Sunday, 8 April 2012

A blog is for life, not just for Easter



I found myself awake and outdoors at 5:30 this morning standing in the pitch darkness by a bonfire at the entrance to Pilsdon’s church. No, I hadn’t discovered my inner arsonist; I was participating with others in an Easter Sunday sunrise service which also included setting a firework rocket off, playing with sparklers, and then lighting our candles and moving inside the beautiful Norman church for a more conventional sort of worship.

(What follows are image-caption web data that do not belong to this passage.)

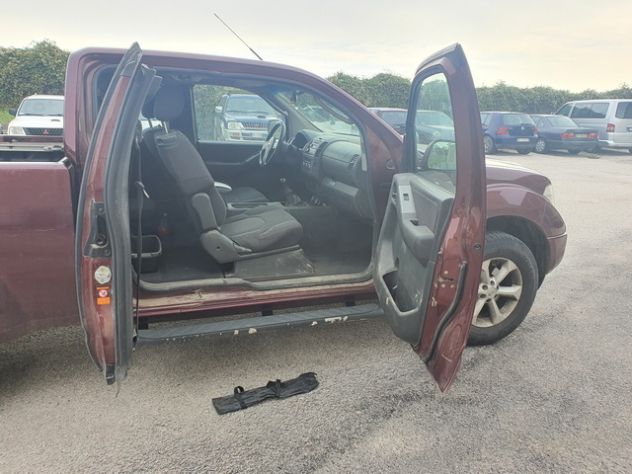 Nissan Navara (D40) 2.5 dCi 174CV 4WD Cabina Singola SE - Foto 6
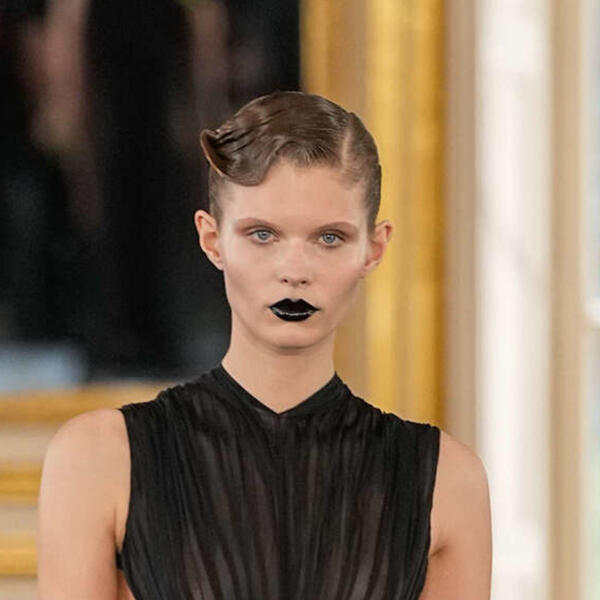 Парижський тиждень моди-2024. Чорний контраст: Нова естетика у колекції 2024-2025 від Valentino
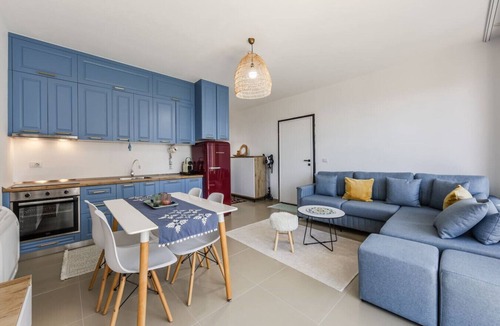 Sakës Apartment | Golden Hour Balcony Apartment | Pool & Beach 100m by PikHost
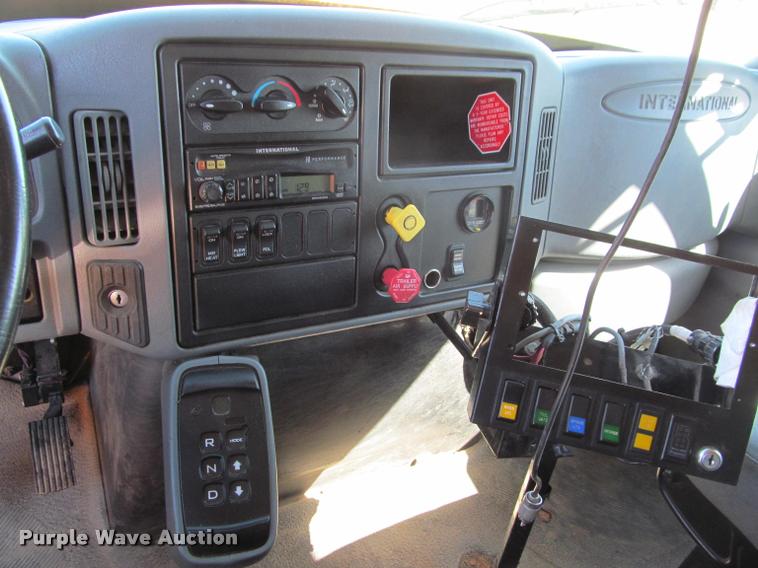 image for item K4971 2002 International 7400 dump truck
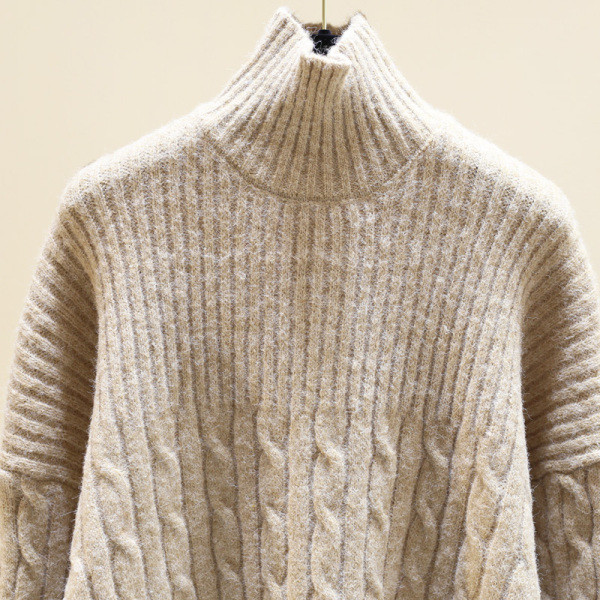 Χειμερινό γυναικείο πουλόβερ με υψηλό κολάρο  σε διάφορα χρώματα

Easter is a big deal here and is celebrated in a myriad of different ways, which I was to get my first glimpse of on my trial week back on Shrove Tuesday (the start of Lent, the 40 days leading up to Easter) when I discovered that not only do pancakes get eaten in vast quantities here, they also form a vital component of the annual pancake-flipping-whilst-being-pushed-in-a-wheelbarrow race around the central paddock, swiftly followed by the competition to see who can throw their pancake from a frying pan over the top of the manor house (needless to say, no one has ever achieved this).
This Easter weekend has been a roller-coaster of Anglican worship services, each designed to cause us to reflect on a different aspect of the story of the last few days of Jesus’ life, in real time as it were. So on Thursday evening we had a Passover meal as Jesus and his friends did on the same day, and washed each others feet (really) as Jesus did for his friends as a lesson in self-sacrifice and humility. On Friday we slowly followed Jesus on his route to the cross and thence to his tomb, which in our case was around the paddock to the huge compost heap (Golgotha) and onwards to the grave outside the church, pausing at 14 ‘stations of the cross’ along the way. Saturday morning we had a Tomb service, in which Mary Magdalene (the first person to discover the empty tomb) shared some of her thoughts, and Saturday evening a candle-lit vigil.  And today of course, both the ludicrously early one and a more sensible 6:30pm service, but both striking a jubilant note to mark the moment of triumph over death. 
But unlike every other Easter weekend I’ve experienced, here it isn't a holiday. The community working life carries on. Inbetween all these organised moments of creative communal meditation I have been planting carrots, cauliflower and cherry tomatoes, milking the cows and finishing off painting the bathroom.  
At Pilsdon the sacred and secular are continuously interwoven. Even when it’s not Easter there are four (optional) short services a day - 7:30am, 12:45pm, 6:30pm and 9:15pm - which lend a kind of semi-monastic rhythm to the place, which I’ve never experienced before but am actually quite enjoying. And thankfully no one has yet given me a hairshirt to try on for size.